John S. Bottomstone – White Supremacist, 1866
Posted By Norman Gasbarro on August 13, 2018
During the Civil War, John S. Bottomstone served as a Private in the 36th Pennsylvania Infantry (Emergency of 1863), Company C, and as a Private in the 192nd Pennsylvania Infantry, Company H.
In Emergency of 1863, when Lee’s Army was approaching Pennsylvania and the Battle of Gettysburg took place, John S. Bottomstone answered the call of his state by joining the 36th Pennsylvania Infantry, 27 June 1863, which after the battle at Gettysburg, was sent to clean up the battlefield. He was discharged when the emergency ended, mid July 1863.
In his second enlistment, John S. Bottomstone signed up for one year of service in the 192nd Pennsylvania Infantry, Company H, on 14 February 1865, and was mustered into service at Camp Curtin on 21 February 1865. It was unnecessary for him to serve his full year of service because the war ended and he was discharged on 24 August 1865.
Pennsylvania Veterans’ File Cards (above) are from the Pennsylvania Archives.
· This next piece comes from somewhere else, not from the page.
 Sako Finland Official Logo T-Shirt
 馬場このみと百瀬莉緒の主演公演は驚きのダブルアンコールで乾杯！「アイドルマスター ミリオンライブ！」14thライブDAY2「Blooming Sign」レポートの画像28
Someone at the Archives wrote on one card that John was 20 when he joined the regiment at Halifax, Dauphin County, and that he had grey eyes, sandy hair, a dark complexion, and stood 5 foot 8 inches tall. He was employed as a laborer and his residence was Halifax.
John S. Bottomstone was born in Pennsylvania on 28 February 1844, the son of Wilhelm Bottomstone (1819-1909) and Eliza [Ettion] Bottomstone (1821-1902). Some time after the war, he married Anna Margaret Kline (1852-1912), daughter of John F. Kline (1825-1906) and his wife Elizabeth [Cressinger] Kline (1832-1922). John and Eliza had at least two known children. In the several censuses taken in his lifetime, he is recorded as a stonemason, as a laborer, and as a bridge watchman. For a time, he was also employed by the Phoenix Bridge Company on a project in Montreal, Canada.
The above Pension Index Card from Fold3 notes that John S. Bottomstone applied for a invalid pension on 4 March 1899, which he collected until his death, and, following his death, his widow collected benefits until her death which occurred in 1922.
John S. Bottomstone died on 5 February 1910 and is buried at Halifax United Methodist Cemetery.
Previously, John S. Bottomstone was mentioned on this blog in a post entitled Halifax Area Civil War Veterans. and in a post entitled The Gratztown Militia and the Home Guards, a story of the 36th Pennsylvania Infantry (Emergency of 1863).
After the war, John S. Bottomstone openly supported the white supremacist views of Heister Clymer by signing a call for denial of equal rights to African Americans, both those who were previously slaves and those who were previously freemen. The statement was published in the Harrisburg Patriot of 24 July 1866 and included his name, regiment, company and rank.
Heister Clymer was a white supremacist candidate for Pennsylvania Governor on the Democratic Party ticket in 1866, and was previously profiled here on 26 April 2016.
The call for a meeting of Union Soldiers was printed in the Harrisburg Patriot, 24 July 1866, along with an up-to-date list of Clymer supporters who openly supported Heister Clymer‘s white supremacist views and wanted to deny “negro equality and suffrage” even to those who had been free men before the war.
The undersigned honorably discharged Union soldiers, believing that we battled in the late war for the Union of these States, and had successfully maintained it, view with alarm the persistent efforts of radical men who seem determine, practically to destroy the Union we went forth to save. They would have the community believe that Union soldiers are willing to give up in the hour of victory the great object to which their sacrifices and toll and blood were given….
Therefore we unite in requesting all the honorably discharged officer, soldiers and seamen of Dauphin County who favor the wise and constitutional policy of President Johnson, who oppose the doctrine of negro equality and suffrage, and desire the election of the Hon. Hiester Clymer, to meet in Mass Convention at the Democratic Club Room, Walnut Street, below Third, Harrisburg, at 7 1/2 o’clock, on the evening of the 25 July 1866, for the purpose of electing fourteen delegates to the Convention of Union Soldiers, which is to assemble in this city [Harrisburg] on Wednesday, 1 August 1866.
The Dauphin County veterans who signed the racist petition calling for the meeting were from a variety of regiments and social levels. Included in the list were some residents of Upper Dauphin County, the area north of Peter’s Mountain – all of which is included in the geographic area of the Civil War Research Project.
John S. Bottomstone was only one of many honorably discharged Union soldiers who openly supported the white supremacist gubernatorial campaign of Heister Clymer in 1866. The full list of those with a connection to Upper Dauphin County will be presented over time.